Abstract

Historically, two modeling approaches have been developed independently to describe photosynthetic electron transport (PET) from water to plastoquinone within Photosystem II (PSII): Markov models account for losses from finite redox transition probabilities but predict no reaction kinetics, and ordinary differential equation (ODE) models account for kinetics but not for redox inefficiencies. We have developed an ODE mathematical framework to calculate Markov inefficiencies of transition probabilities as defined in Joliot-Kok-type catalytic cycles. We adapted a previously published ODE model for PET within PSII that accounts for 238 individual steps to enable calculation of the four photochemical inefficiency parameters (miss, double hit, inactivation, backward transition) and the four redox accumulation states (S-states) that are predicted by the most advanced of the Joliot-Kok-type models (VZAD). Using only reaction kinetic parameters without other assumptions, the RODE-calculated time-averaged (e.g., equilibrium) inefficiency parameters and equilibrium S-state populations agree with those calculated by time-independent Joliot-Kok models. RODE also predicts their time-dependent values during transient photochemical steps for all 96 microstates involving PSII redox cofactors.
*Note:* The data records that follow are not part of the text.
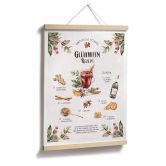 Poster Glühwein Rezept 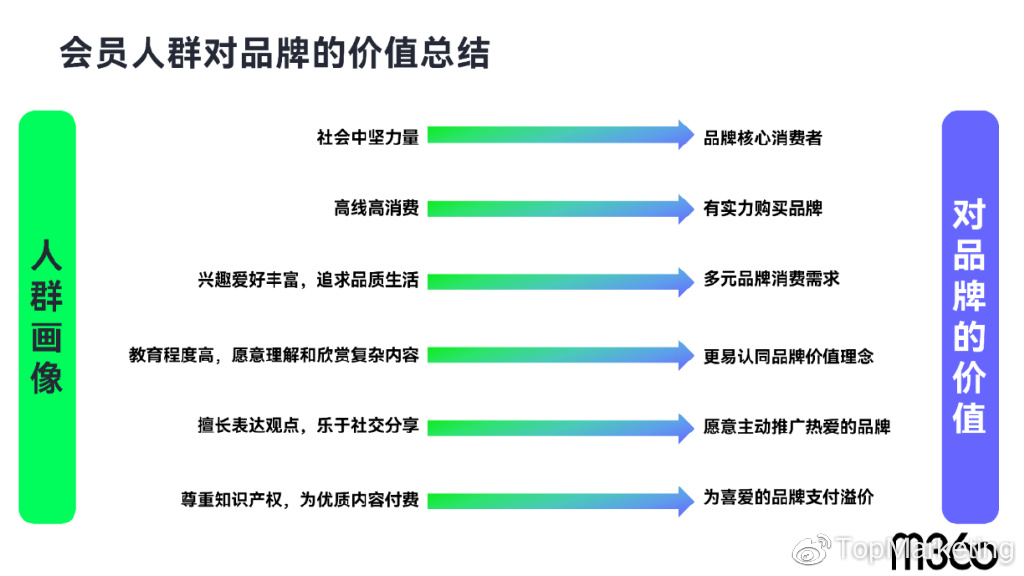 网络推广效果究竟如何？揭秘企业流量暴涨的底层逻辑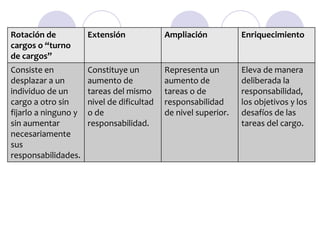 Rotación de
cargos o “turno
de cargos”

Extensión

Ampliación

Enriquecimiento

Consiste en
desplazar a un
individuo de un
cargo a otro sin
fijarlo a ninguno y
sin aumentar
necesariamente
sus
responsabilidades.

Constituye un
aumento de
tareas del mismo
nivel de dificultad
o de
responsabilidad.

Representa un
aumento de
tareas o de
responsabilidad
de nivel superior.

Eleva de manera
deliberada la
responsabilidad,
los objetivos y los
desafíos de las
tareas del cargo.

 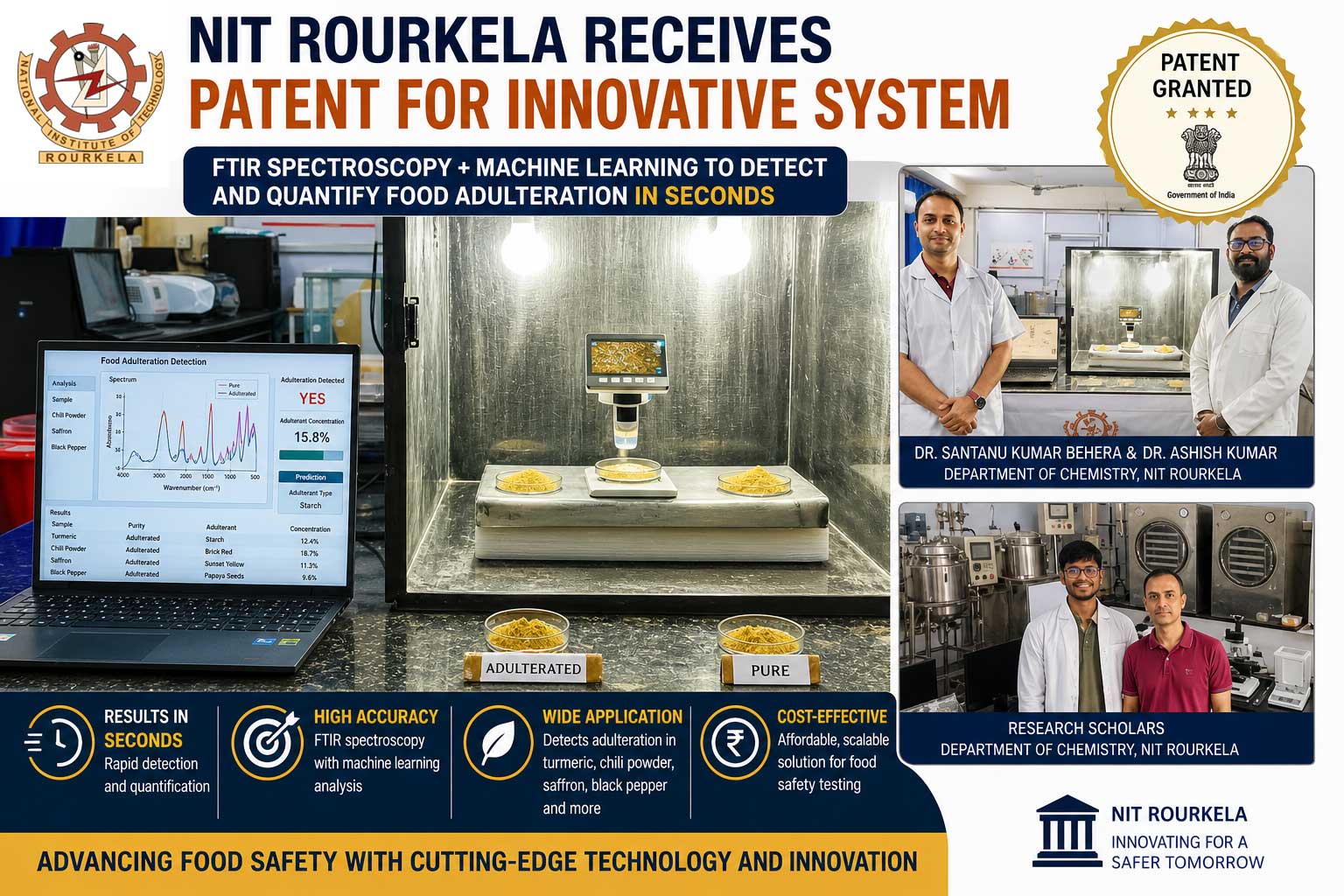 National Institute of Technology (NIT), Rourkela have secured a patent for a system capable of rapidly detecting and measuring adulteration in spices and other food products.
We illustrate applications to two cyanobacteria, Arthrospira maxima and Synechococcus sp. 7002, where experimental data exists for the inefficiency parameters and the S-state populations, and historical data for plant chloroplasts as benchmarks. Significant findings: RODE predicts the microstates responsible for period-4 and period-2 oscillations of O2 and fluorescence yields and the four inefficiency parameters; the latter parameters are not constant for each S state nor in time, in contrast to predictions from Joliot-Kok models; some of the recombination pathways that contribute to the backward transition parameter are identified and found to contribute when their rates exceed the oxidation rate of the terminal acceptor pool (PQH2); prior reports based on the assumptions of Joliot-Kok parameters may require reinterpretation.